Para que no fuéramos condenados, Cristo fue condenado. Dios asumió la condena que nosotros merecíamos. Y así leemos en el Evangelio de hoy: “Porque Dios no envió a su Hijo al mundo para juzgar al mundo, sino para que el mundo se salve por él”. Este año, la gran fiesta de la Exaltación de la Santa Cruz cae en domingo y, por lo tanto, brinda a toda la Iglesia otra oportunidad para meditar sobre la Cruz y cómo es la combinación perfecta de la justicia y la misericordia divinas. La justicia exige el castigo por el pecado. Esta justicia debe satisfacerse, no puede ignorarse. Pero, en su misericordia, Dios tomó el castigo sobre sí mismo, dejándonos solo una pequeña parte para que la compartiéramos.
La primera lectura muestra a los israelitas recibiendo, literalmente, la mordedura de las serpientes como castigo por su pecado. Aunque esto sucedió realmente, también expresa simbólicamente la “mordedura” del pecado. Cada vez que pecamos, el pecado vuelve para mordernos. Herimos a los demás con el pecado, pero nosotros mismos quedamos aún más heridos, aunque a veces la herida pueda ser -y esta podría ser la peor de todas- la insensibilidad de la conciencia para apreciar el mal que hemos hecho.
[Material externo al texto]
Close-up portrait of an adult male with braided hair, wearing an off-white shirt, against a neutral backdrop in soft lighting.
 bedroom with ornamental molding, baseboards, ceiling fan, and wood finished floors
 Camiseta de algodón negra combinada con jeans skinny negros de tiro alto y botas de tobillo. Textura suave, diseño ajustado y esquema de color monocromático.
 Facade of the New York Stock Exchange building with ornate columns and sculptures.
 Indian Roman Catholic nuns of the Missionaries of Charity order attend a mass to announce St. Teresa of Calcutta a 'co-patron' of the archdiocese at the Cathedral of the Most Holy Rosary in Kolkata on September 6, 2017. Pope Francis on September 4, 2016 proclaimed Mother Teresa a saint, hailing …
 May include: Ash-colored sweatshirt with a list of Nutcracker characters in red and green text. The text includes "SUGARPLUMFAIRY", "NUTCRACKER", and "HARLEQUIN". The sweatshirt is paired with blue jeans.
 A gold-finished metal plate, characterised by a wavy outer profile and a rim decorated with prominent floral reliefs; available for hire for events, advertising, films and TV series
Sin embargo, para salvar a los israelitas, Dios le dice a Moisés que levante una serpiente de bronce, una representación de la misma criatura que causa su muerte. Los israelitas se ven obligados a enfrentarse a su pecado, a mirarlo y a reconocerlo. No es de extrañar, por tanto, que cuando Jesús muere en la cruz, san Juan cite la profecía de Zacarías: “Mirarán al que traspasaron” (Jn 19, 37; Zac 12, 10). Debemos estar dispuestos a afrontar y reconocer nuestros pecados para que sean perdonados. De ahí el valor de la confesión.
El pecado se muestra en este episodio, al igual que con Adán y Eva, como una falta de confianza en Dios. Dios entonces castiga, pero incluso su castigo, en sí mismo, es misericordioso: es menor de lo que merecemos y solo tiene como objetivo traernos de vuelta a Él. Como leemos en el salmo: “Y, cuando los hacía morir, lo buscaban, y madrugaban para volverse hacia Dios”. Para compensar la desobediencia de Adán y Eva ante un árbol inspirado por el orgullo, que nos llevó a la muerte (cfr. Gn 3, 1-7 y 17-19), Cristo fue humildemente obediente hasta la muerte en un árbol. Como nos dice san Pablo en la segunda lectura: “se humilló a sí mismo, hecho obediente hasta la muerte, y una muerte de cruz”. Si tenemos la humildad de admitir nuestros pecados, la mayor humildad de Dios se apresura a salvarnos.